EDIT: for clarification i am interested in a function with N number of parameters to be determined by whatever the specific class instance specifies.
EDIT 2: The code that this question is based off of is as follows:
using std::function;
template <typename signiture>
class Observer;
template <typename return_t, typename ...args_t>
class Observer<return_t(args_t...)> {
protected:
using signature = return_t(args_t...);
typedef function<signature> func_t;
~Observer(){}
func_t what_to_do;
public:
Observer(Subject<signature>& subject,func_t what):what_to_do(what){
subject.Attach(what_to_do);
}
return_t operator()(args_t... args){
what_to_do(args...);
}
};
using std::function;
using std::vector;
template <typename signature>
class Subject;
template <typename return_t,typename...param_tps>
class Subject<return_t(param_tps...)> {
using signature=return_t(param_tps...);
public:
void Attach(std::function<signature> o){
obs.push_back(o);
}
void operator()(param_tps... params){
for (typename vector<std::function<signature>>::const_iterator i=obs.begin(); i!=obs.end(); ++i) {
(*i)(params...);
}
}
protected:
~Subject(){}
vector<std::function<signature>> obs;
};
It is an implementation of the Observer pattern that is non-virtual using std::function
to glue things together between the two. I wanted to use the foo(bar)

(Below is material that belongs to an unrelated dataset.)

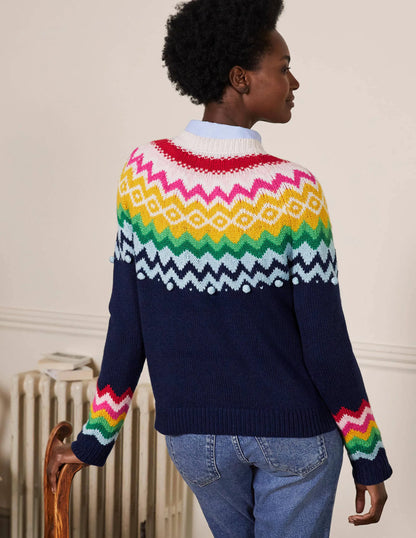 Relaxed Fair Isle Sweater-Starboard Blue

syntax because everything it is more conducive to the ease of use of the classes. The issue was converting the function type signature into the return type and the parameter types in order to specify the proper operator()
in the subject class so that it can notify the observers with the correct data.
The changes that were made were based upon the example given below as follows:
template<typename t>struct type;
template<typename R,typename... args_t>
struct type<R(args_t...)>{
//use R and args_t as needed
}
Thanks to all who helped.
Here is a very basic solution that works for functions accepting one parameter( it seems you are placing this constraint in the question, but a generalized solution is quite easy to provide, as shown in the following):
template<typename S>
struct type; // You can leave this undefined, because the template is
// supposed to be instantiated with a function type, and
// that is matched by the specialization below.
template<typename R, typename Arg>
struct type<R(Arg)>
{
// Just use R and Args as you wish here..
};
Here is a possible example (live demo on Coliru):
#include <type_traits>
template<typename S>
struct signature;
template<typename R, typename Arg>
struct signature<R(Arg)>
{
using return_type = R;
using argument_type = Arg;
};
int main()
{
using ret = signature<void(int)>::return_type;
using arg = signature<void(int)>::argument_type;
static_assert(std::is_same<ret, void>{}, "!");
static_assert(std::is_same<arg, int>{}, "!");
}
In case you are interested in a more general solution for the variadic case, this is probably what you're looking for:
#include <tuple>
struct type; // You can leave this undefined, because the template is
// supposed to be instantiated with a function type, and
// that is matched by the specialization below.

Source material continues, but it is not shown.